** Opening Extracted entries block **

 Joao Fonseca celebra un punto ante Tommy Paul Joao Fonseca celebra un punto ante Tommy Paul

** Closing Extracted entries block **
** Opening Extracted entries block **

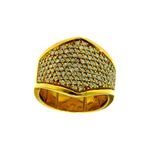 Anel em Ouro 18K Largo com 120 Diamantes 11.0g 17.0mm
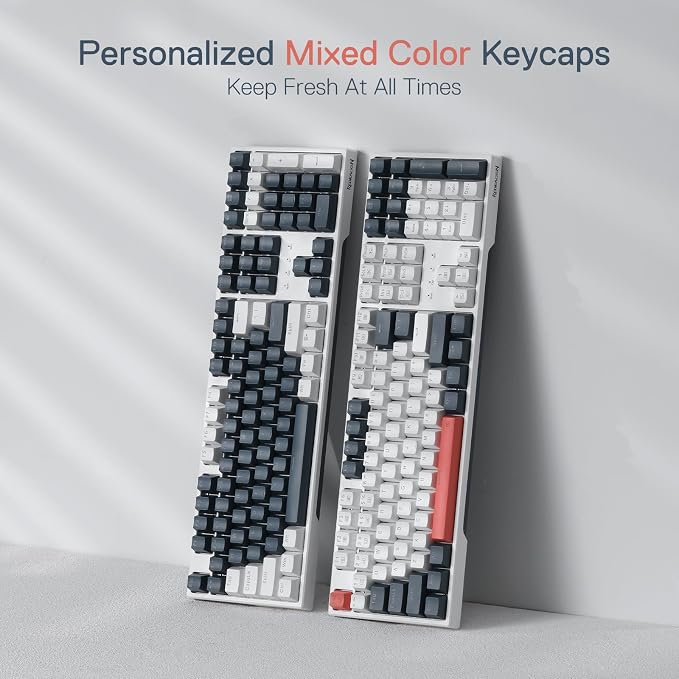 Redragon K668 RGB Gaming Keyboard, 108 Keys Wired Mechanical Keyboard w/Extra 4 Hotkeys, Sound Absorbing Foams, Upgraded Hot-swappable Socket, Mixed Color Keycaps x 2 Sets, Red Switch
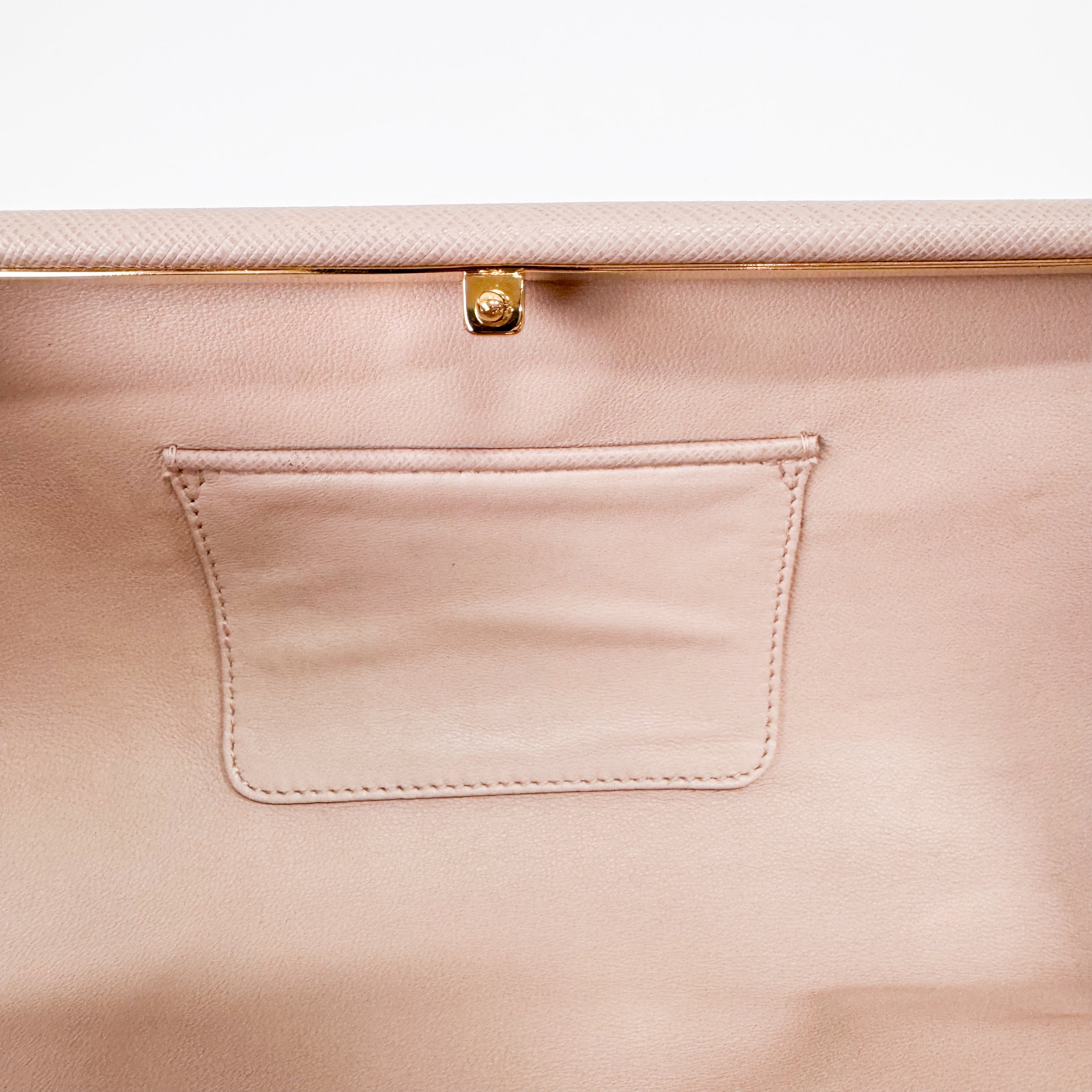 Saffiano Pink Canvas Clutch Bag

** Closing Extracted entries block **
** Opening Extracted entries block **

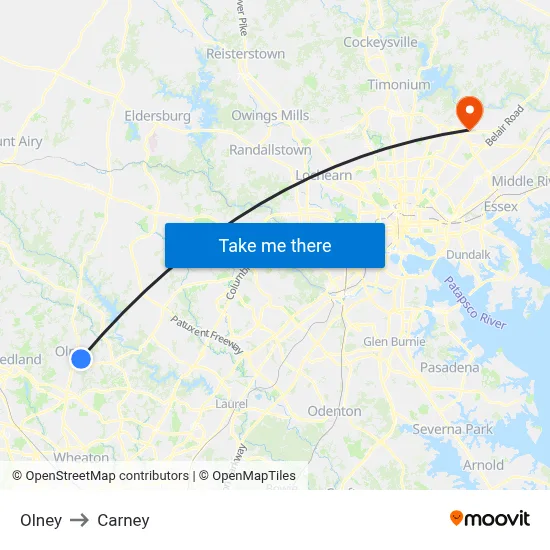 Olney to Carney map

** Closing Extracted entries block **

Your copy should hold the lines from the one with "Anel em Ouro" up to and including the one with "Saffiano Pink Canvas Clutch Bag", exactly as in the data above, and no pictures.

 Anel em Ouro 18K Largo com 120 Diamantes 11.0g 17.0mm
 Redragon K668 RGB Gaming Keyboard, 108 Keys Wired Mechanical Keyboard w/Extra 4 Hotkeys, Sound Absorbing Foams, Upgraded Hot-swappable Socket, Mixed Color Keycaps x 2 Sets, Red Switch
 Saffiano Pink Canvas Clutch Bag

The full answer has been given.